Let $q\in \mathbb{C}$ be a primitive $n$th root of unity, for some $n>1$. Consider the $n^2\times n^2$-matrix $$M=\left( q^{ki+lj}\right)_{(k,l),(i,j)}$$ indexed by all pairs $(k,l), (i,j) \in \{0,\cdots, n-1\}^2$ using lexicographic order.
This means for $n=2$ and $q=-1$: $$M = \left(\begin{array}{rrrr} 1&1&1&1\\1 & 1 &-1&-1\\ 1&-1&1&-1\\1&-1&-1&1\end{array}\right)$$
And for $n=3$: $$M = \left(\begin{array}{rrrrrrrrr} 1&1&1&1&1&1&1&1&1\\ 1 & q & q^2 & 1 & q & q^2 & 1 & q & q^2\\ 1 & q^2 & q & 1 & q^2 & q & 1 & q^2 & q\\ 1 & 1 & 1 & q & q & q & q^2 & q^2 & q^2\\ 1 & q & q^2 & q & q^2 & 1 & q^2 & 1 & q\\ 1 & q^2 & q & q & 1 & q^2 & q^2 & q & 1\\ 1 & 1 & 1 & q^2 & q^2 & q^2 & q & q & q\\ 1 & q & q^2 & q^2 & 1 & q & q & q^2 & 1\\ 1 & q^2 & q & q^2 & q & 1 & q & 1 & q^2 \end{array}\right)$$
My question is: Are these matrices $M$ always invertible? I guess yes, but I was not able of showing it. However I calculated their determinants for the cases $n<17$ and found $\mathrm{det}(M) = \lambda n^{n^2}$, where $\lambda\in\{-1,1\}$. So for $n=2$ it is $16$ and for $n=3$ it is $-19683 = -3^9$. Actually it turned out that the determinant is negative iff $n=4k-3$ for some $k$.
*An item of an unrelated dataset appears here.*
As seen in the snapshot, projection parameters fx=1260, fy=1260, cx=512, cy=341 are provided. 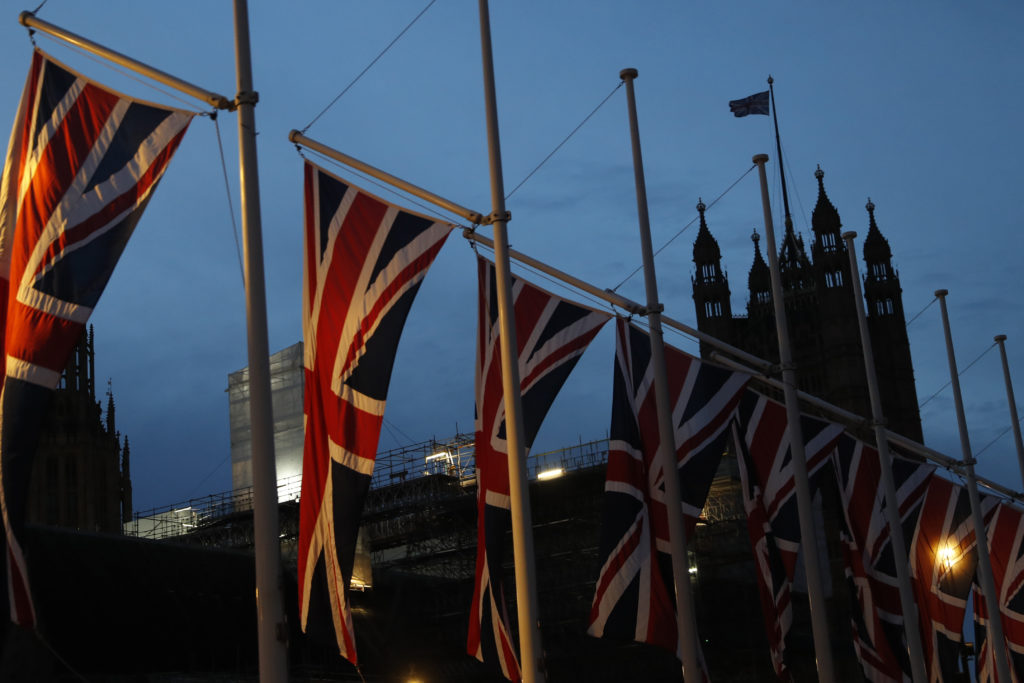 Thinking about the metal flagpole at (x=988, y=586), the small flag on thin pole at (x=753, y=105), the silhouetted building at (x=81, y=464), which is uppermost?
the silhouetted building at (x=81, y=464)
Any help or suggestion are very welcome.
Let us have a look at your $9\times 9$ example. It has the form $$\left(\begin{matrix}V & V & V\\V & qV & q^2V\\V & q^2V & qV\end{matrix}\right),$$where $V$ is the $3\times 3$ (rearranged) Vandermonde matrix in the upper left. This is actually the Kronecker product of $V$ with itself. I think, this is a general pattern, so that the $n^2\times n^2$ matrix is the Konecker product of $V = (q^{ij})_{i,j=0}^{n-1}$ with itself. The determinant is $\det^{2n}(V)$. And since $V$ is of (rearranged) Vandermonde form, your matrix is always invertible.
EDIT: Note that you might have to rearrange your rows to get that form (see your $4\times 4$ example). This gives you the minus sign for some dimensions.
EDIT: Look here: https://www.udacity.com/course/viewer#!/c-ud061/l-3495828730/m-1178758803. It shows that $V(q)V(q^{-1}) = nI$. Taking into account that $q^{-1} = \overline q$, we have $V(q^{-1}) = V(\overline q) = \overline{V(q)}$. Therefore, $$ n^n = \det(nI) = \det(V)\det(\overline V) = \det V \overline{\det V} = |\det V|^2. $$ Thus, $|\det V| = n^{n/2}$. So, the abolute value of the determinant of your matrix is $\det^{2n}(V) = n^{n^2}$, which agrees with your result.